Supplied data:
________________________

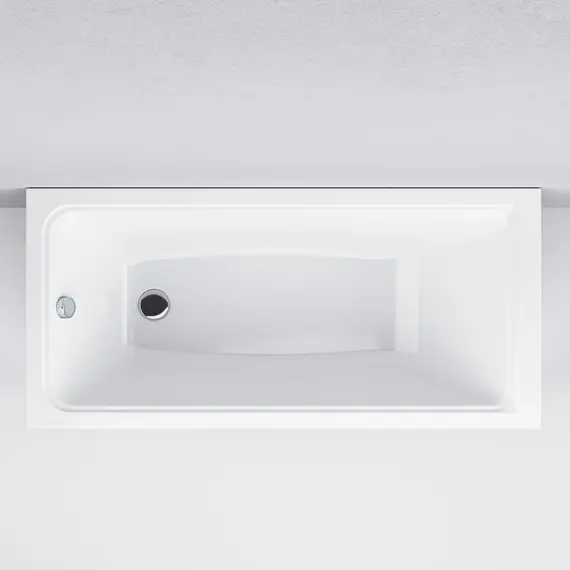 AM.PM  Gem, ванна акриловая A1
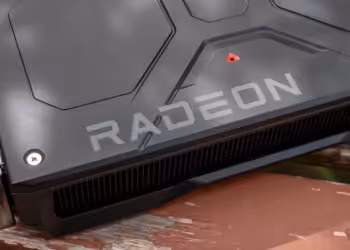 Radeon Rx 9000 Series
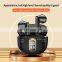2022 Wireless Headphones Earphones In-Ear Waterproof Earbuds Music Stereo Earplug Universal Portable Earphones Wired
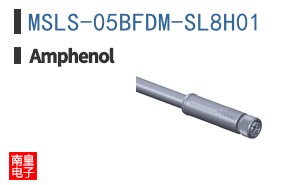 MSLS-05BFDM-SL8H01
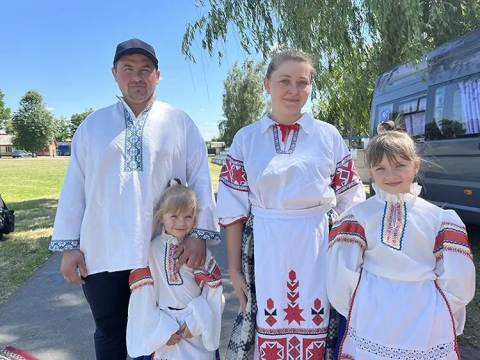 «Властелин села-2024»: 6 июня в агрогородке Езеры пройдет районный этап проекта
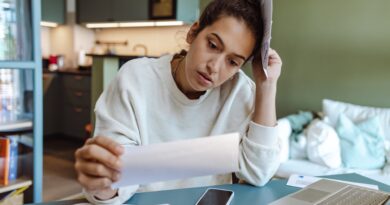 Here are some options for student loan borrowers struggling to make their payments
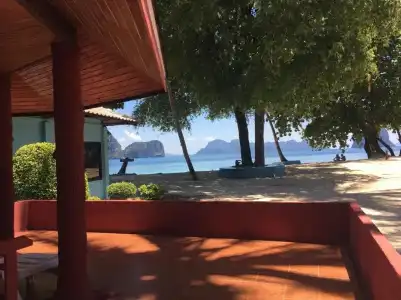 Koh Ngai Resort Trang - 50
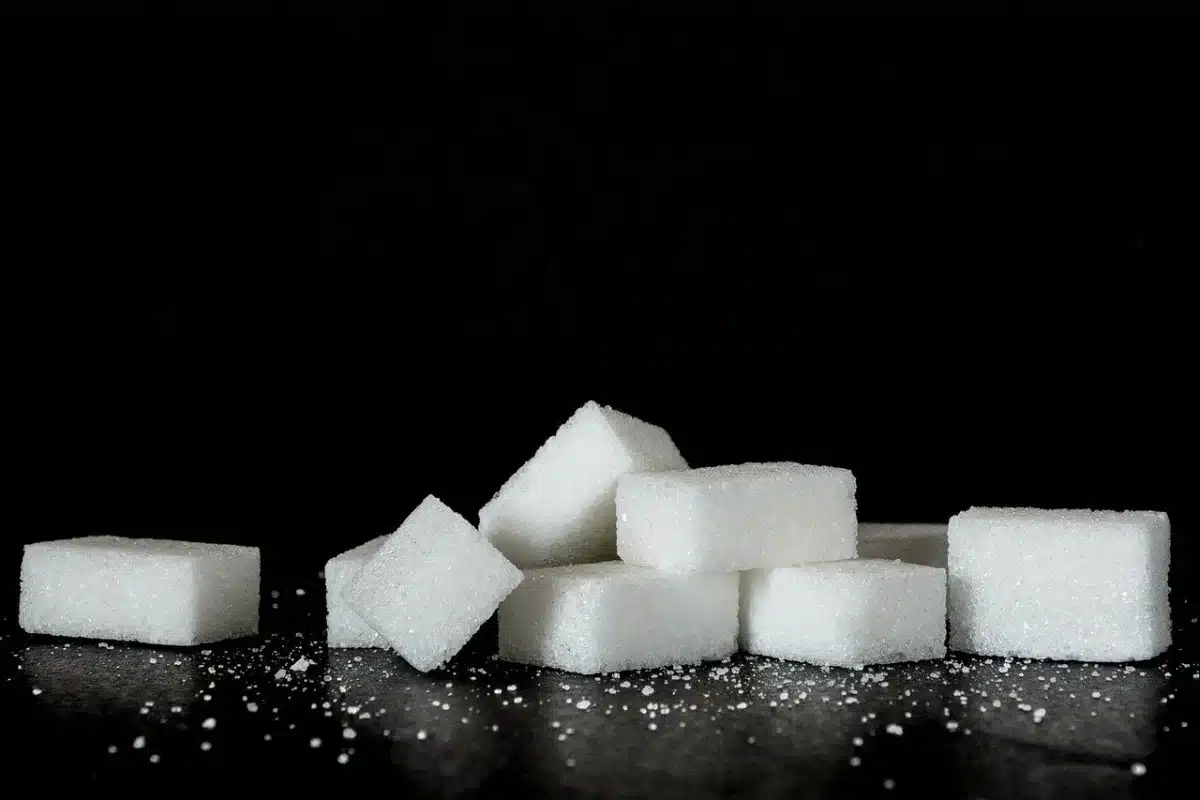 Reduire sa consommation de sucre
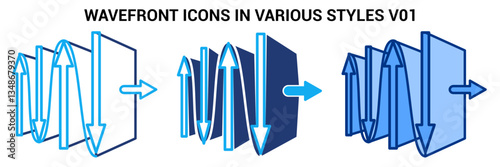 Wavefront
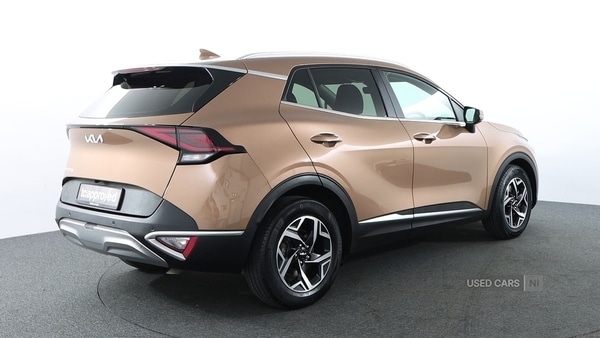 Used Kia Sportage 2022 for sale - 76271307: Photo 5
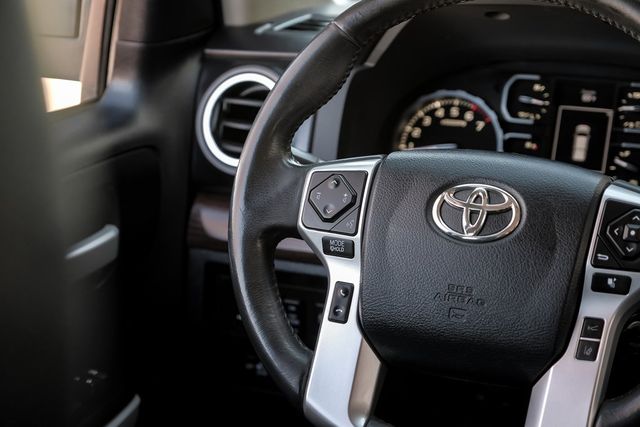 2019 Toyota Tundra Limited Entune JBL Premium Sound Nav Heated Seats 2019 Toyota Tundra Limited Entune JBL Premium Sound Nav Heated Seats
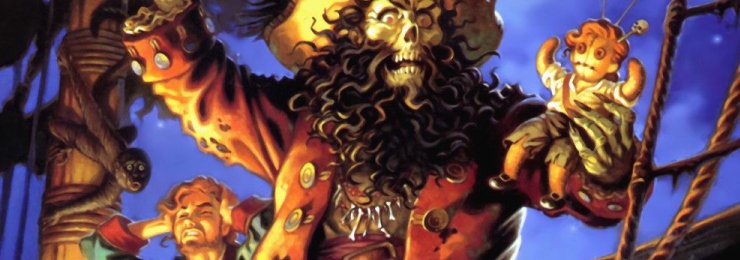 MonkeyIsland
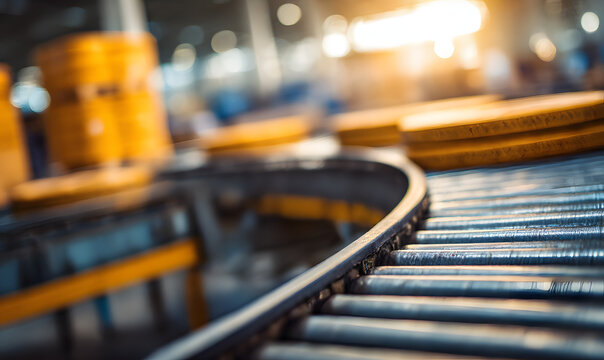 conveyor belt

________________________

Directions for this task: Write the listing above out again exactly, dropping each image.

Result for this task:
 AM.PM  Gem, ванна акриловая A1
 Radeon Rx 9000 Series
2022 Wireless Headphones Earphones In-Ear Waterproof Earbuds Music Stereo Earplug Universal Portable Earphones Wired
 MSLS-05BFDM-SL8H01
 «Властелин села-2024»: 6 июня в агрогородке Езеры пройдет районный этап проекта
 Here are some options for student loan borrowers struggling to make their payments
 Koh Ngai Resort Trang - 50
 Reduire sa consommation de sucre
 Wavefront
 Used Kia Sportage 2022 for sale - 76271307: Photo 5
 2019 Toyota Tundra Limited Entune JBL Premium Sound Nav Heated Seats 2019 Toyota Tundra Limited Entune JBL Premium Sound Nav Heated Seats
 MonkeyIsland
 conveyor belt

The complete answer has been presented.